Spend money when it saves you time to earn more: If I had the choice of using a free product or something that cost £10 per month but took an hour less to manage then I would go for the £10 option. I can earn more than £10 with that free time. I would also advocate not entering into big upfront payments for software or long-term commitments.

E-commerce is about simplicity for the customer: Make it as easy as possible for your customers to buy and pay. The number of sites that contain too many attempts to up-sell or make the checkout process difficult. If your customer has started the checkout process you want to put as few barriers as possible in front of them that could cause them to leave.

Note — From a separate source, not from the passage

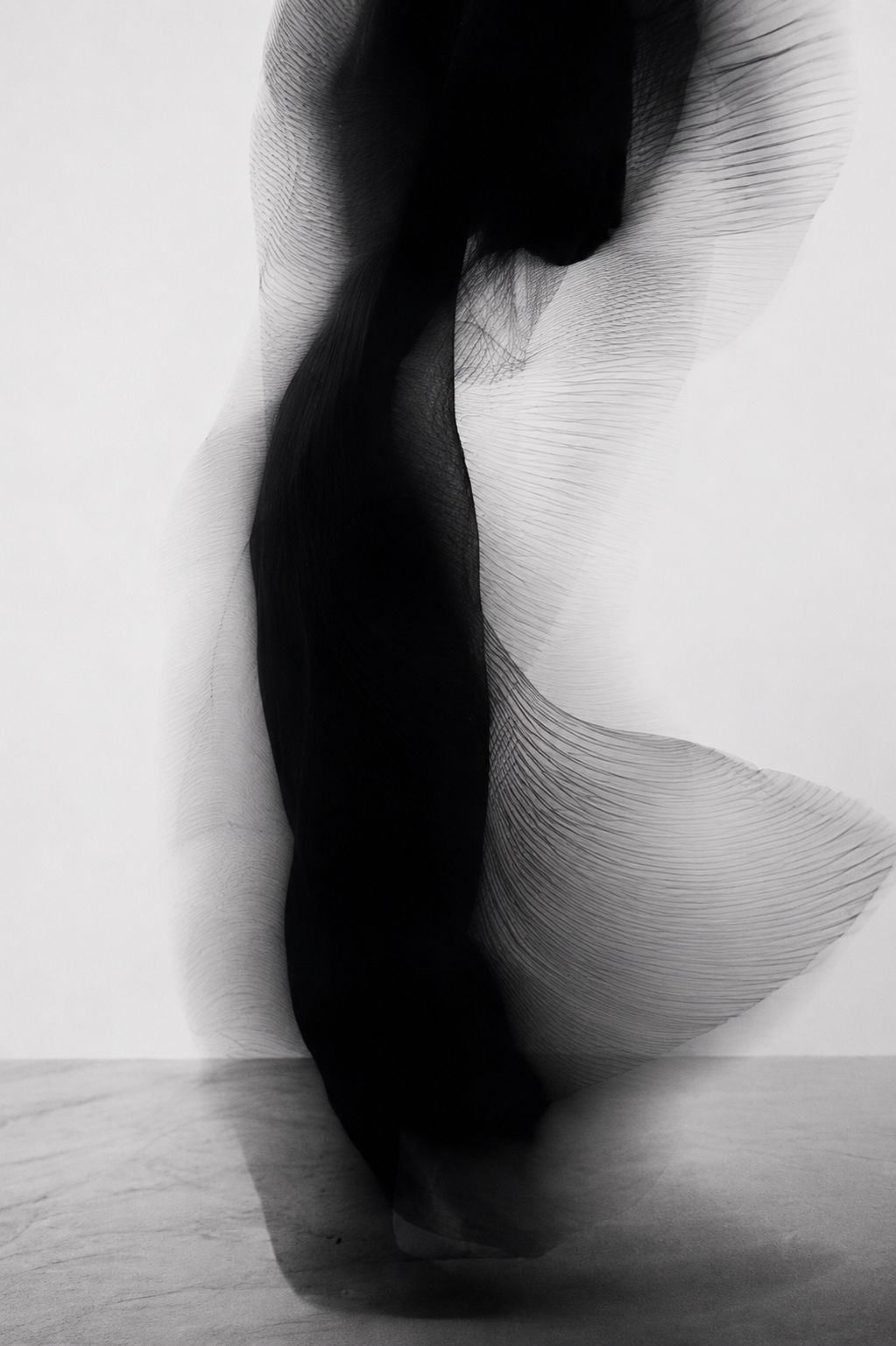 Palmira Studio editorial image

Prototype, prototype, prototype: Rapid prototyping also allows for market testing from the early stages to understand how your product is really received. Prototyping for your own business processes is also possible: not locking yourself into one particular software solution until you know what works for you.

Data is key to effective marketing: For me it’s market analysis, and marketing. Use large public data sources to figure out where (what demographics, countries, etc.) your company has the most potential. This can inform your branding, product design, market positioning, etc. And digital marketing lets you measure just how effective your efforts are. E.g. where do your website visitors come from, and how can that information help you tweak your SEO and ad campaigns to better target potential customers?

Build your presence: To build and grow a business, you need customers. And customers are online in their millions. A fit for purpose internet presence, where prospective and existing customers can find you, engage with you and transact with you is the single most important prerequisite for a business looking to grow quickly.

Go mobile: For SMEs looking to make it big online the answer has to be - MOBILE. We already see that over 40% of internet searches are made from mobile devices. The growth in mobile as a form of searching, browsing and transacting online is phenomenal. It represents the single largest opportunity for SMEs today. Businesses need to make sure their online presence is fit for mobile devices and they can reach clients on any device at any time.

Go global: I am a big fan of going global as early as possible. One cannot and should not rely on local markets if one has a potentially global product.

Plan, test, think and then focus: Don’t trust your instincts, trust your evidence. Be ready to kill bad ideas quickly and respond to new opportunities equally quickly. Build on what works and remember most people are overnight successes after years of hard work.

Target communities online: Trust and awareness is built over time and over a breadth of channels. There is no time like tody to start doing so! Find out where your target market engages digitally and jump in.

Test new markets before launch: I know we’re all supposed to hate Amazon. BUT it’s a jolly useful platform for testing new international markets. With no set-up costs. Just a total pain to set up your product range. But provided your e-commerce team leader doesn’t shoot herself in the process it’s worthwhile. You can test a new market with zero investment.

Hold on to your cash: From having started my own business my number one golden rule is hold on to your cash as long as possible. Most tech and certainly most of the tools you need at a startup stage are free or available at very low cost. Small businesses are being seen as cash cows and are far too willing to hand over their vital capital.

Your website should be live before your business is: In this interconnected, interweb driven world, not having a web presence makes a business appear unprofessional and out of touch. I’d even put a web page up if the business is pre-launch so people can register interest. Buy the domain name variations as soon as you have figured our what your business will be called.

Look bigger than you are: Don’t use your mobile number or home phone number as your business phone number. Make sure your incoming calls are handled professionally and, if you have a phone system, get one that is cloud-based as it will have all the big company features that are easily configurable for a small company price.